Diperkirakan potensi pengumpulan zakat di Asia Selatan dan negara-negara Asia Tenggara pada 2011 yakni sekitar 30 miliar dolar AS. Sementara di negara sub sahara Afrika mencapai 24 miliar dolar AS pada 2013. Di sisi lain, pemanfaatan wakaf lebih menantang karena tidak ada data di sebagian besar negara.

Menurut Agus, keuangan sosial islam memungkinkan pemerintah untuk mencapai segmen masyarakat yang lebih luas, terutama masyarakat berpenghasilan rendah, karena adanya keterbatasan untuk menyediakan dana murah.

"Untuk selanjutnya, hal ini menjadi tantangan nyata bagi kami untuk lebih merumuskan dan mendefinisikan konsep ekonomi islam, agar mencapai kompatibilitas dan implementasinya di kedua konsep. Sehingga, ke depan dapat diintegrasikan ke kebijakan ekonomi mainstream," ujar Agus dalam International Seminar and the 2nd JIMF Call for Papers di ajang Indonesia Sharia Economic Festival (ISEF), Kamis (27/10).
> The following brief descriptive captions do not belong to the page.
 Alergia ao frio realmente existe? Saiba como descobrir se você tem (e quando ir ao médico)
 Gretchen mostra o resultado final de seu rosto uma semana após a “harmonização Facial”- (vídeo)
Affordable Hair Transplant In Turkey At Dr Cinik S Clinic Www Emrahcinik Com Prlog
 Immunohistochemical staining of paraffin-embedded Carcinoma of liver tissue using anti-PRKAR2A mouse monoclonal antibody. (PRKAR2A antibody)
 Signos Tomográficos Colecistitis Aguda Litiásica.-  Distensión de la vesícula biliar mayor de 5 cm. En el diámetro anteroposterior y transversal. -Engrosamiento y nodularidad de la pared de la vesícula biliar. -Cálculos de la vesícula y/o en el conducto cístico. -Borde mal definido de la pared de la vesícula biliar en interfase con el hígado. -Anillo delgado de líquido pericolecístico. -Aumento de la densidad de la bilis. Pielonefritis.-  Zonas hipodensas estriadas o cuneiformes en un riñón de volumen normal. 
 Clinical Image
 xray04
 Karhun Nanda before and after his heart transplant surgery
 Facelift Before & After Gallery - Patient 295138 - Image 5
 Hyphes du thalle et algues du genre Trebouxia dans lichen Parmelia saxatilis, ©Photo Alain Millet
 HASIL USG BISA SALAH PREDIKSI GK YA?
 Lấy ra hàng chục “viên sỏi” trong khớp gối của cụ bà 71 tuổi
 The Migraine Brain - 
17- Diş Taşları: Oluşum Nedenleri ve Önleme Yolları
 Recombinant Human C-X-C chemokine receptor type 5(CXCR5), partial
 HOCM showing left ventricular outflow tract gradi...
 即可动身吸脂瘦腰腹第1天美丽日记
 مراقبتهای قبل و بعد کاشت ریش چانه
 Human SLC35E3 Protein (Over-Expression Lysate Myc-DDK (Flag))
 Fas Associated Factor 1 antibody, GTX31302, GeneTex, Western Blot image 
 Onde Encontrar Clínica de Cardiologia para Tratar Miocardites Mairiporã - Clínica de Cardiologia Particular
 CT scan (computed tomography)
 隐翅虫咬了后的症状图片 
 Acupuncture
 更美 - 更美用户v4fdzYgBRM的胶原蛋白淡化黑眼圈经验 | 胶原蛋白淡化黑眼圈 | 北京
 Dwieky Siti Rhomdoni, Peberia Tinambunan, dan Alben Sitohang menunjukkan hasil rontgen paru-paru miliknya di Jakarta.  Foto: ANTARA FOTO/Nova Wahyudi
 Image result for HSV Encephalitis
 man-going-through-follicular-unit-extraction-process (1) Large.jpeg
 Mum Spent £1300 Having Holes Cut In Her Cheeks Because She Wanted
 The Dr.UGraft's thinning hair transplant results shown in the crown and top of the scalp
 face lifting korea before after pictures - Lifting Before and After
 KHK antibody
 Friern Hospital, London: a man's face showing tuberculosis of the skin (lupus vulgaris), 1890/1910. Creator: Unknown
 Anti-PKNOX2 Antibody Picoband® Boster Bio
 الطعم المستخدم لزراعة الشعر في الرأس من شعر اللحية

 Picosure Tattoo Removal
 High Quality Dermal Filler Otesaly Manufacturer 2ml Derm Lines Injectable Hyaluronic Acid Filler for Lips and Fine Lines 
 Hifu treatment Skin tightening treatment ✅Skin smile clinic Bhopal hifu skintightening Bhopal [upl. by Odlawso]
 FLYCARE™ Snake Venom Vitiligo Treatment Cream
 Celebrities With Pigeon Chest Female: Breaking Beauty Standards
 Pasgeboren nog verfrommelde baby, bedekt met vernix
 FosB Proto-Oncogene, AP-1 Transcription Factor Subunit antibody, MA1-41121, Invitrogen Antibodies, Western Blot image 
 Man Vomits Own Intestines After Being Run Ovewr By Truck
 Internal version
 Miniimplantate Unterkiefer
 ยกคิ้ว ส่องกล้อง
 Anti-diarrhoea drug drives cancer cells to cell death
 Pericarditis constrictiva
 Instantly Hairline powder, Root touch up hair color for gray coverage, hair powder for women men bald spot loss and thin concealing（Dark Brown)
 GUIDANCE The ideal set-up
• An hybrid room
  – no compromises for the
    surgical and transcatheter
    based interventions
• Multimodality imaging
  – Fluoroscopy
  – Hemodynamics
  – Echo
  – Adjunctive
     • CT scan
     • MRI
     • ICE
Agus menjelaskan, zakat dapat membantu memenuhi kebutuhan dasar bagi masyarakat miskin. Selain itu, zakat juga bisa menjadi suatu cara untuk memberdayakan masyarakat yang kesulitan mendapatkan akses pembiayaan. Kemudahan akses pembiayaan melalui zakat memungkinkan masyarakat miskin untuk dapat mengurus diri mereka sendiri dan keluarganya, dengan demikian kemiskinan bisa diturunkan.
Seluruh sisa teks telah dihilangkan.